Foi a primeira e a última vez

Não diga que desta água não beberei.

Pois, por mais que não deseje que se repita o fato, algum dia, quem sabe, tenha de retroceder no tempo, voltar ao passado, e encarar frente a frente alguma coisa que o magoou.

Foi assim que aconteceu a um caboclo acostumado aos ares do campo, alcunhado de Zé da Mula, por causa de uma paixão antiga.

Zé vivia na roça. Até a idade que colhia nesta hora, trinta e três anos, jurava, de pés separados, que não carecia de companhia feminina. Pra ele bastavam as vacas. Junto delas galinhas poedeiras, porquinhas grunhentas, maritacas gritadeiras, que avoavam em bando no tempo das jabuticabas amadurecerem.

Zé era feliz e bem o sabia. Nestes tempos de pandemia vivia sossegado numa rocinha distante.

Quando era preciso ir à cidade fazia a contragosto. Não se dava bem com amontoados de pessoas, apressados cidadãos, naquela azáfama do cotidiano.

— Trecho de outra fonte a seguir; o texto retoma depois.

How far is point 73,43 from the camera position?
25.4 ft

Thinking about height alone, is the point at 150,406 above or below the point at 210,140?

Quando o caminhão leiteiro buzinava no alto do morro, era quase hora do almoço, lá ia o feliz Zé, na sua carroça puxada pela mula de estimação.

Diziam, nos arrabaldes, que Zé com ela tinha um caso. Se não era amor seria pura paixão.

E como reluzia o pelo da velha mula branca. Era tratada a pão de ló.

Naquele dia de semana, lembrado sem muita saudade, Zé teve de ir à cidade.

O caminhão leiteiro estava cheio pelas beiradas. Não pôde lhe dar carona. Como das vezes passadas.

Foi aí que Zé decidiu encilhar a velha mula. Aquela era a primeira vez que acontecia.

A viagem até a cidade durou quase três horas inteiras. Não chovia há meses. Ambos comeram poeira.

Uma vez chegados ao centro da comunidade, a porta de um supermercado, Zé amarrou a mula a um poste de luz. Não havia estacionamento para os animais.

Adentrou ao estabelecimento preocupado com o bem estar da sua montaria. Pediu a um garoto, que tentava vender balas perto dali, que cuidasse da sua mula. Pagou em espécie a quantia de vinte reais para que o moleque não se desgrudasse do animal.

Feitas as compras, com o carrinho cheio, pagou a vista quase quatrocentos reais, e dali saiu procurando a mula de estimação.

Nada de encontrar a sua querida Jurubeba. Era este o nome dado a sua querida amada amante.

Deu parte na delegacia.  O delegado mal fez caso da sua queixa.  A velha mula não tinha fotos. Muito menos documentos.

Procurou pela cidade inteira. O tal moleque decerto afanou-lhe o pertence. E passou adiante a encomenda.

Zé da Mula voltou à roça desconsolado. Nunca mais soube notícias da mula amada.

Durante a noite, contando estrelas, Zé não conseguiu fechar os olhos. Passou a noite em claro. Embora tenha sido uma noite escura.

A partir de então o infeliz Zé jurou, ou melhor, desconjurou, que aquela foi a última vez que foi à cidade.

Ontem percebi um enterro descendo a rua de baixo. Perguntei a um passante quem seria o defunto. E ele me respondeu que era um tal de Zé da Mula. Que veio a falecer de saudade.

E, infelizmente, o amigo Zé teve de voltar à cidade. Por motivos alheios a sua vontade.